Records from a collection

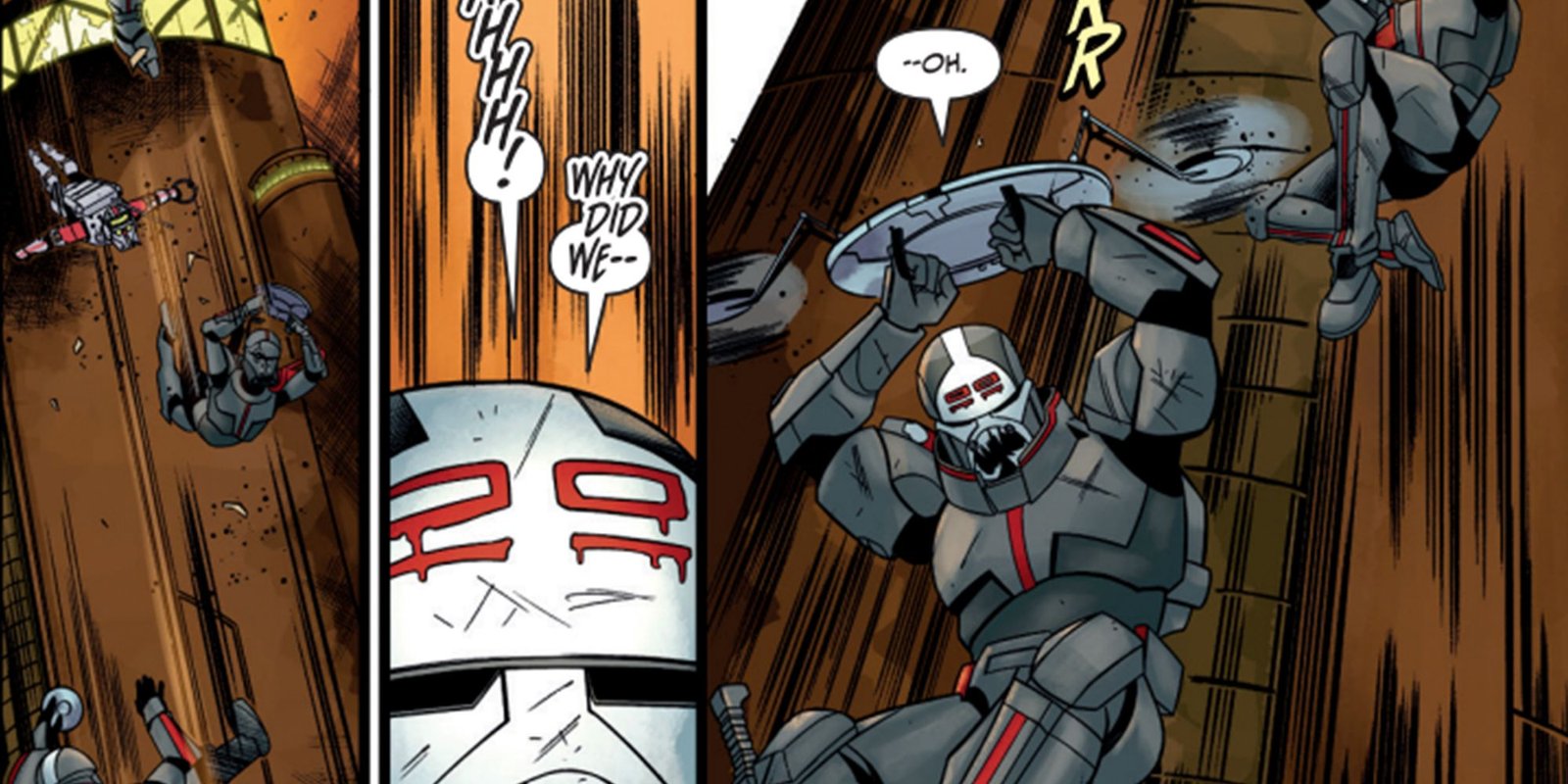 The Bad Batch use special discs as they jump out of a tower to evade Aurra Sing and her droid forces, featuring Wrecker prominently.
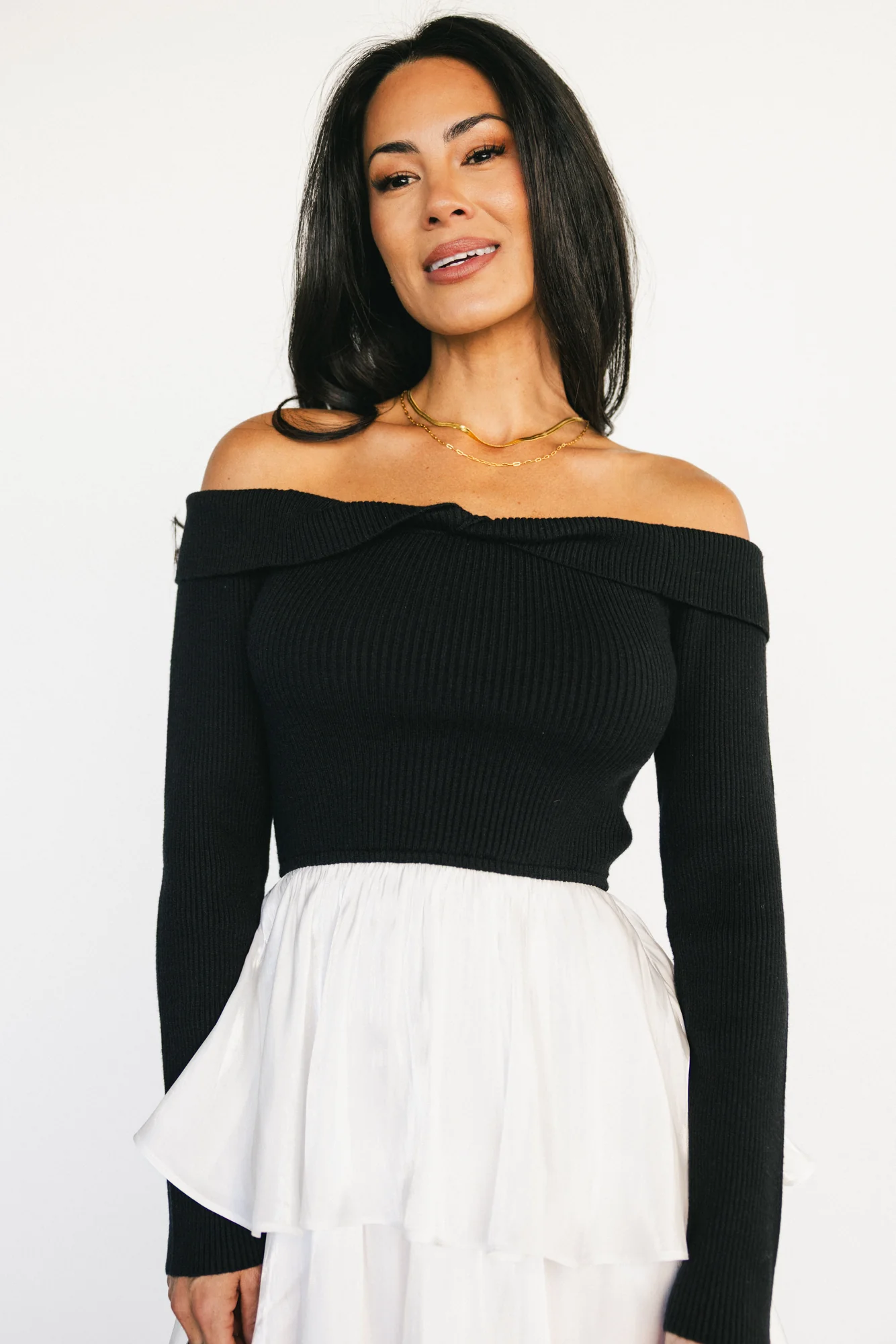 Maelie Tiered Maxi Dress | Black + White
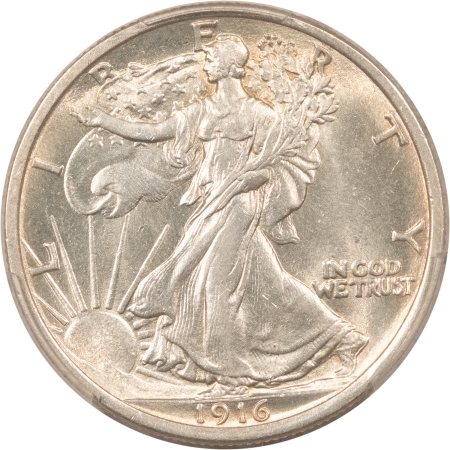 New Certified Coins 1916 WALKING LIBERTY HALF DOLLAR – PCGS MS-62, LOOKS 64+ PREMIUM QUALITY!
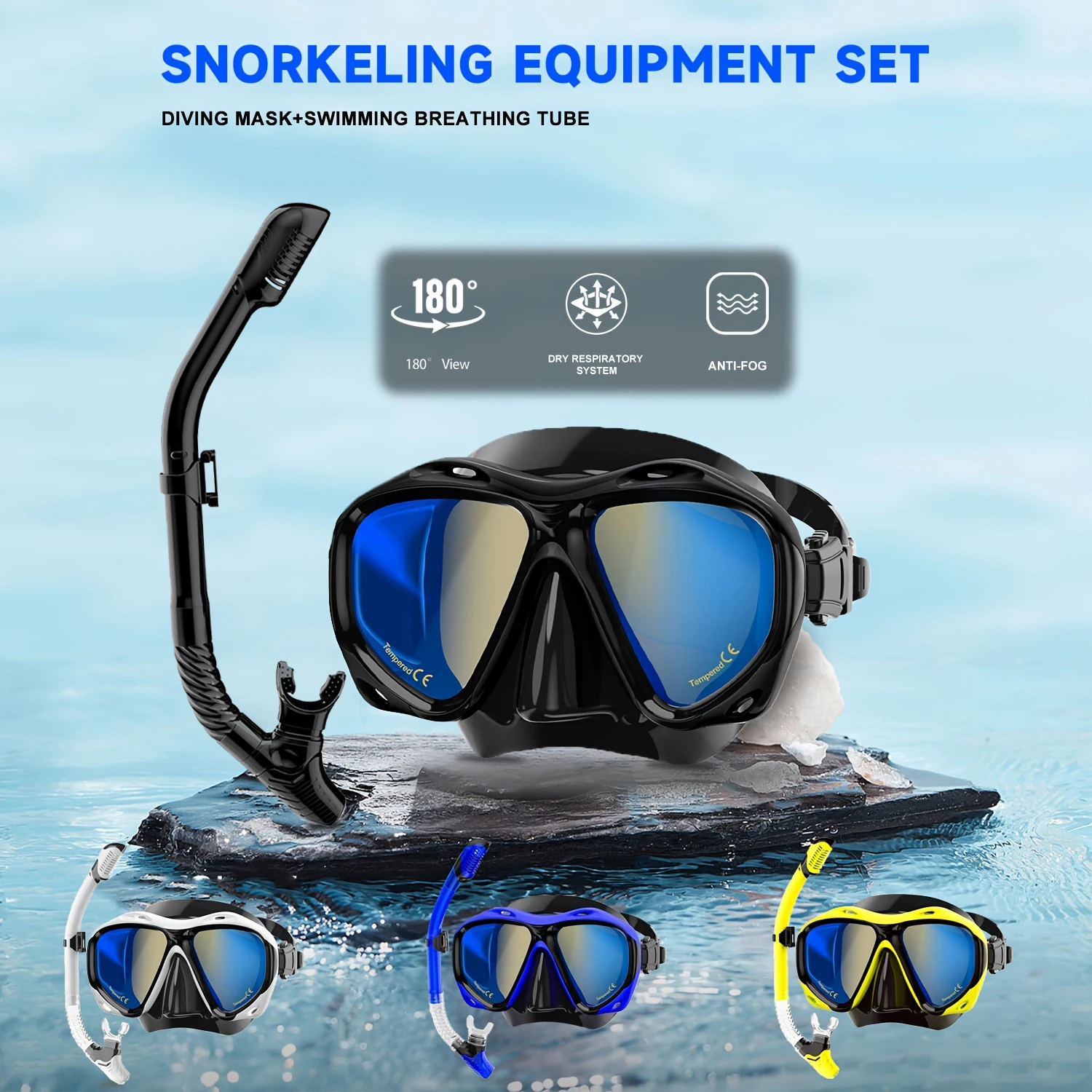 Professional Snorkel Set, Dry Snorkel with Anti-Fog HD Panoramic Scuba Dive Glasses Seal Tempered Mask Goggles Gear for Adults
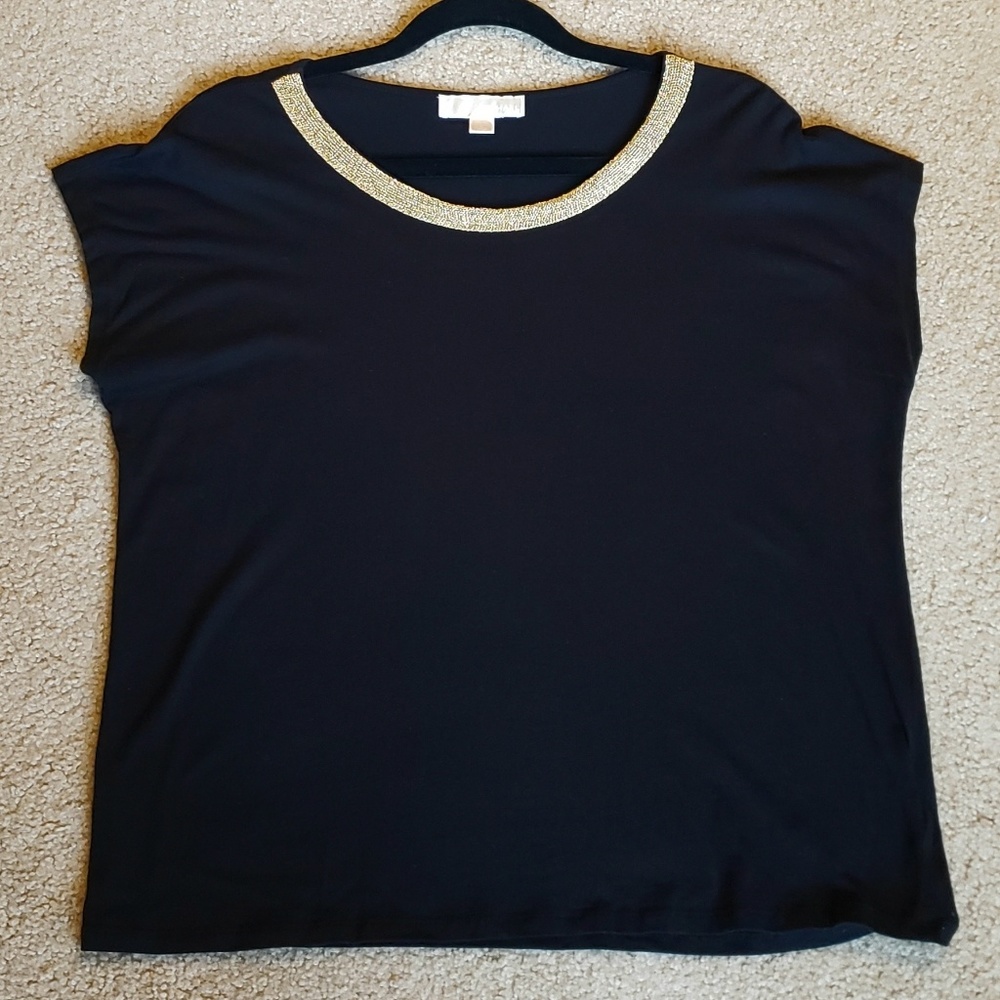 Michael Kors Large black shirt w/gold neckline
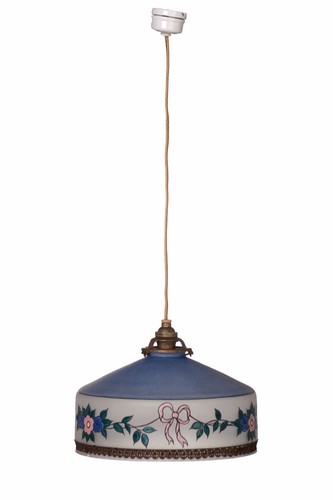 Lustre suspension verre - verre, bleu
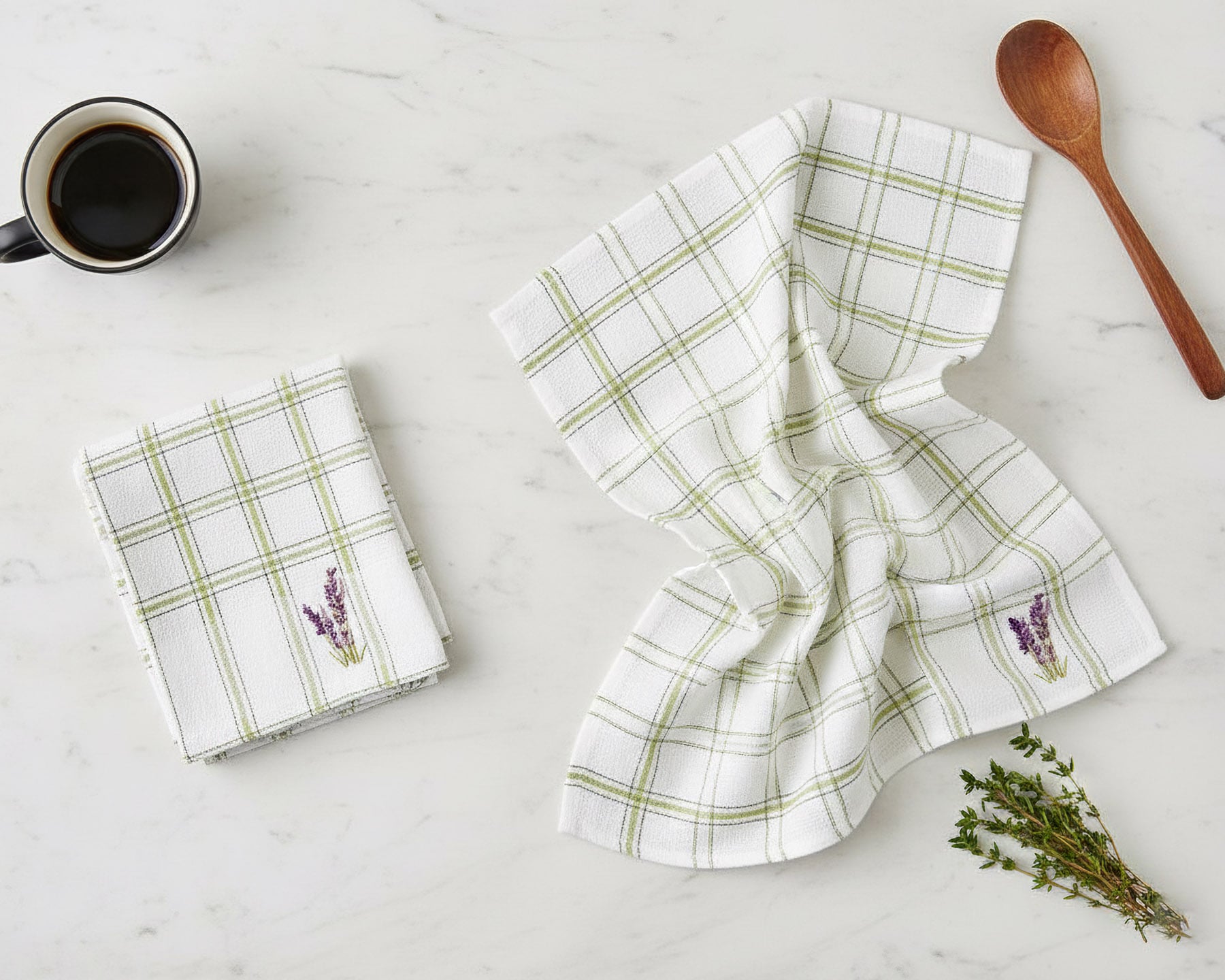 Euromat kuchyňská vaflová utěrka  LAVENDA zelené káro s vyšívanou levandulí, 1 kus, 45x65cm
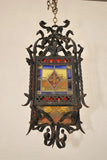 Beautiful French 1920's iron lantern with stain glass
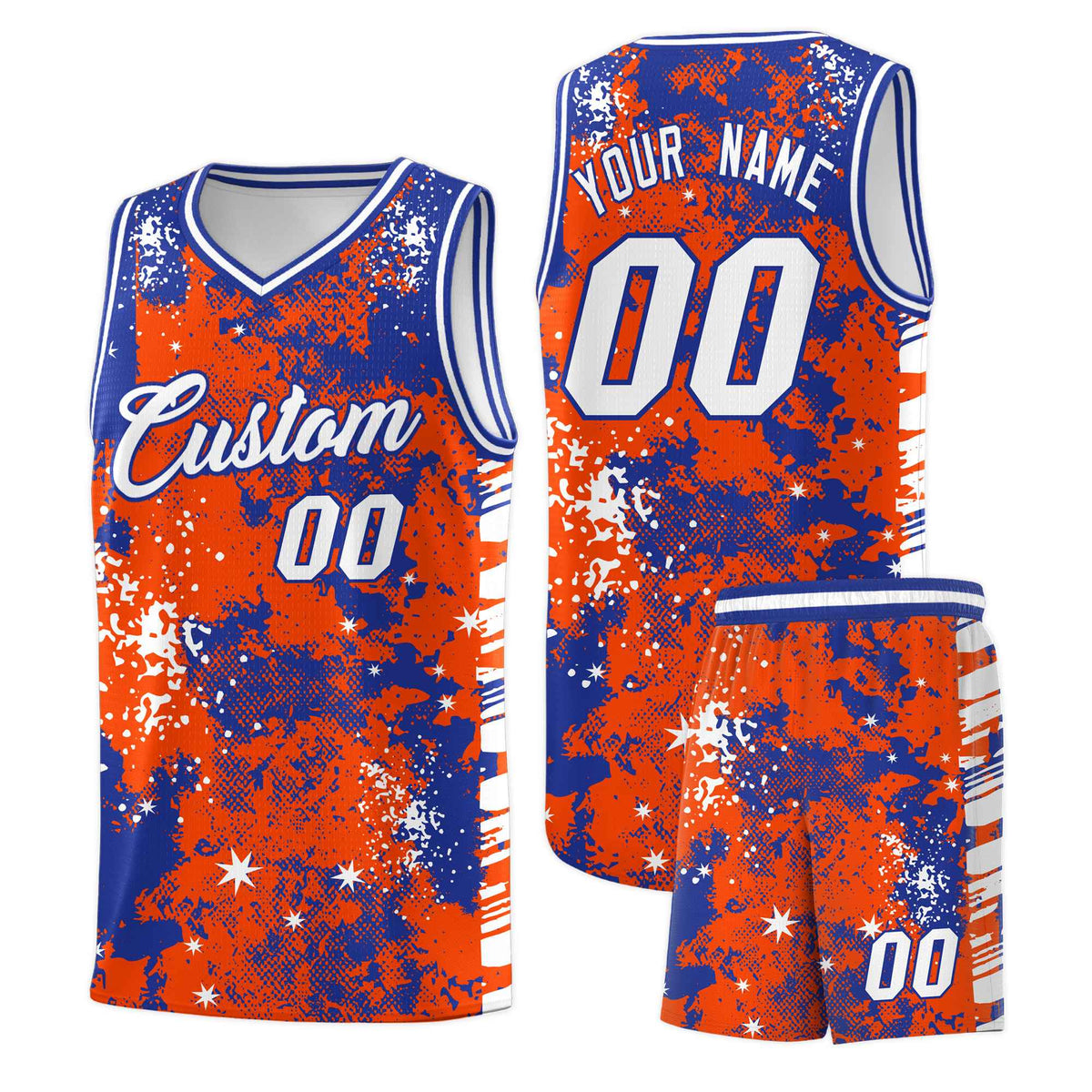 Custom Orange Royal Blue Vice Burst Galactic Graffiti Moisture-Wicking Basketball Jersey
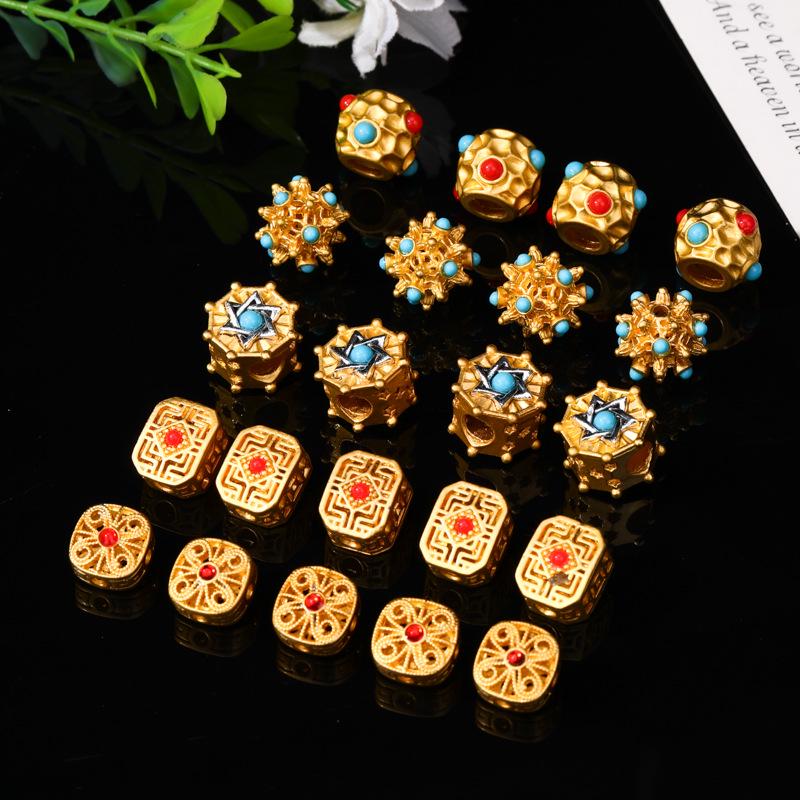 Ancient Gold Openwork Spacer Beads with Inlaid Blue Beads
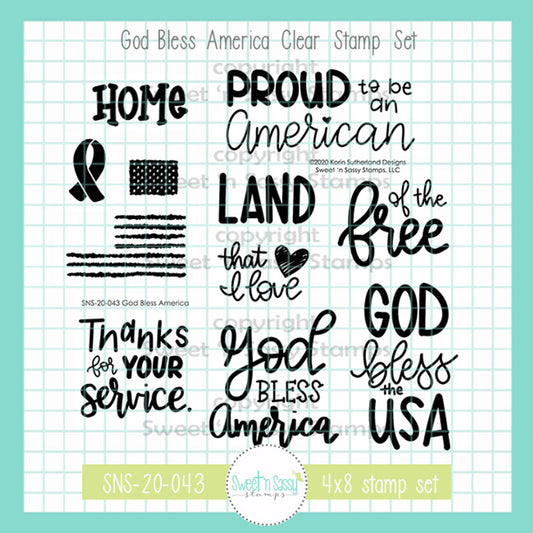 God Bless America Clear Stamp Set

Work request -
Each entry above is to be duplicated exactly, and its pictures omitted.

Exercise solution -
 The Bad Batch use special discs as they jump out of a tower to evade Aurra Sing and her droid forces, featuring Wrecker prominently.
 Maelie Tiered Maxi Dress | Black + White
 New Certified Coins 1916 WALKING LIBERTY HALF DOLLAR – PCGS MS-62, LOOKS 64+ PREMIUM QUALITY!
 Professional Snorkel Set, Dry Snorkel with Anti-Fog HD Panoramic Scuba Dive Glasses Seal Tempered Mask Goggles Gear for Adults
 Michael Kors Large black shirt w/gold neckline
 Lustre suspension verre - verre, bleu
 Euromat kuchyňská vaflová utěrka  LAVENDA zelené káro s vyšívanou levandulí, 1 kus, 45x65cm
 Beautiful French 1920's iron lantern with stain glass
 Custom Orange Royal Blue Vice Burst Galactic Graffiti Moisture-Wicking Basketball Jersey
 Ancient Gold Openwork Spacer Beads with Inlaid Blue Beads
 God Bless America Clear Stamp Set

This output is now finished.